Capitolo 4 – Forze motrici e resistenze:  Prima di affrontare il tema della strategia coevolutiva, che costituisce la piattaforma concettuale su cui innestare la seconda parte del libro dedicata all’azione, ho voluto aprire alcune riflessioni su due elementi fondamentali del processo coevolutivo: le resistenze al cambiamento del fattore umano e dell’organizzazione. Il desiderio di essere sintetica mi ha spinta a tradurre la propensione a coevolvere del fattore umano in un algoritmo che permette, all’organizzazione che intende coevolvere, la misurazione delle resistenze presenti tra collaboratori e manager, disaggregandole nelle diverse leve di gestione delle risorse umane. Per quanto riguarda le resistenze dell’organizzazione mi sono focalizzata sulle inerzialità organizzative e sulla recalcitranza dei mezzi d’azione prima di trattare della relazione tra l’istituzionalizzazione della cultura aziendale e il cambiamento.
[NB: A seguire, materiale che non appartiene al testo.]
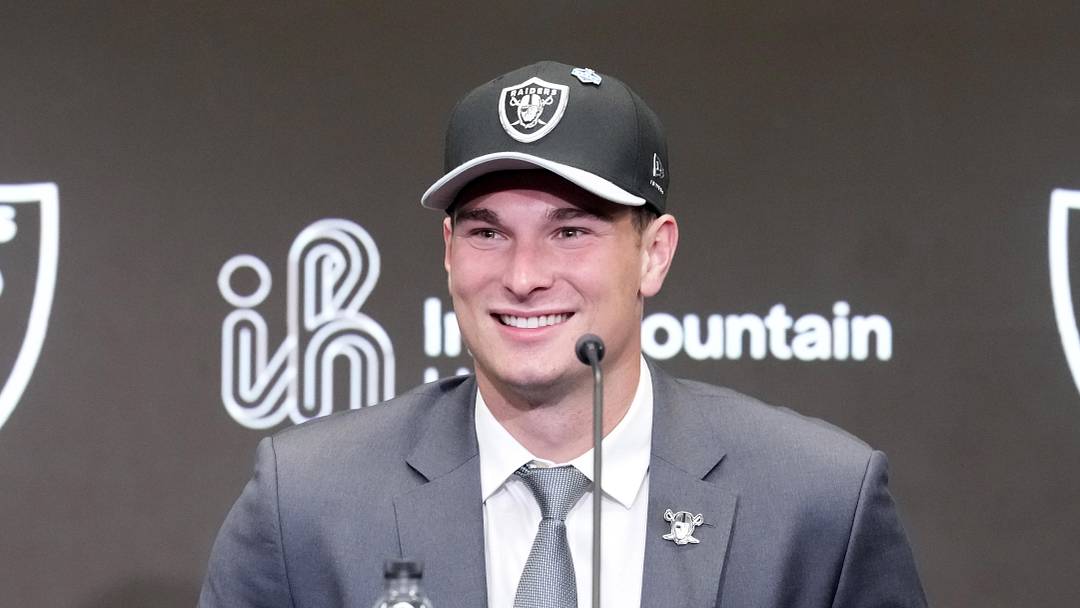 Apr 24, 2026; Henderson, NV, USA; Las Vegas Raiders quarterback Fernando Mendoza speaks at introductory press conference at Intermountain Health Performance Center after being selected as the No. 1 pick in the 2026 NFL Draft. Mandatory Credit: Kirby Lee-Imagn Images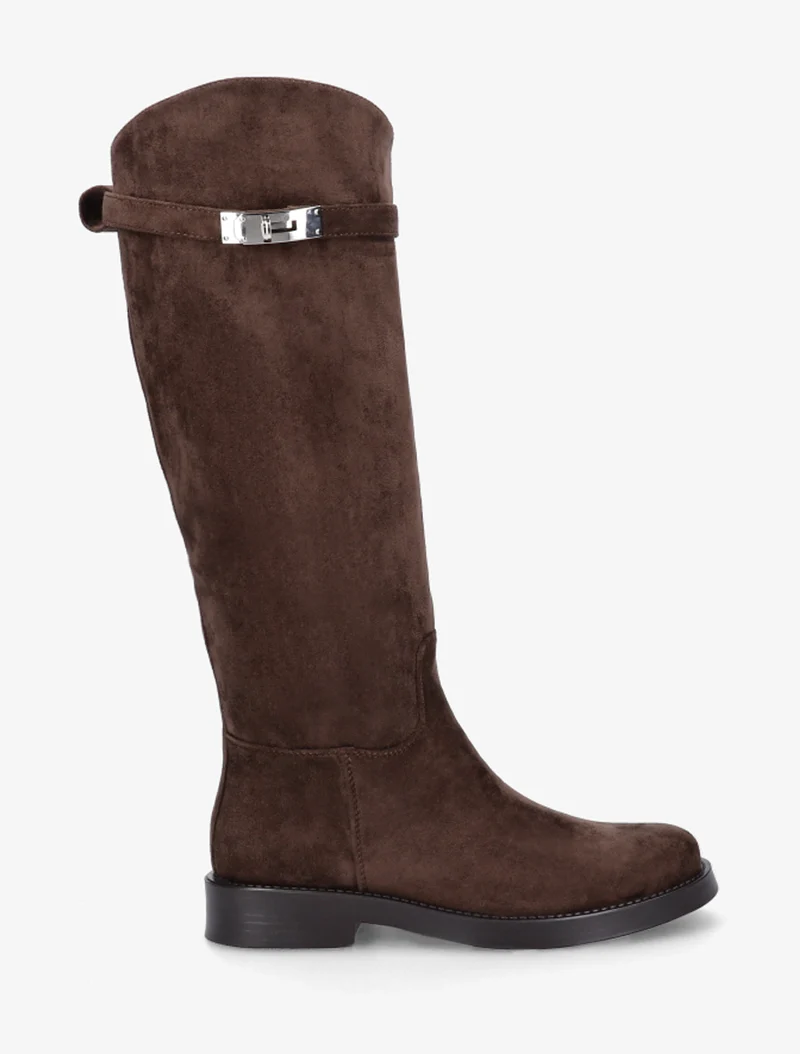 Bottes en suédine style cavalière à sangle - Marron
Poiché la cultura fornisce ai soggetti un quadro di riferimento utile per interpretare la propria esperienza e all’interno del quale collocare le aspettative reciproche, ho ipotizzato che una cultura istituzionale forte potrebbe rallentare la fase di start up del cambiamento coevolutivo mentre, quando le strategie coevolutive si consolidano e le forze favorevoli alla coevoluzione si affermano nei meccanismi di potere, un quadro istituzionale forte può essere d'aiuto. Tutto questo permette di individuare le condizioni favorevoli alla coevoluzione e quindi gli obiettivi che il management si deve dare per consentire alla propria organizzazione di cambiare in modo armonico con l’ambiente esterno.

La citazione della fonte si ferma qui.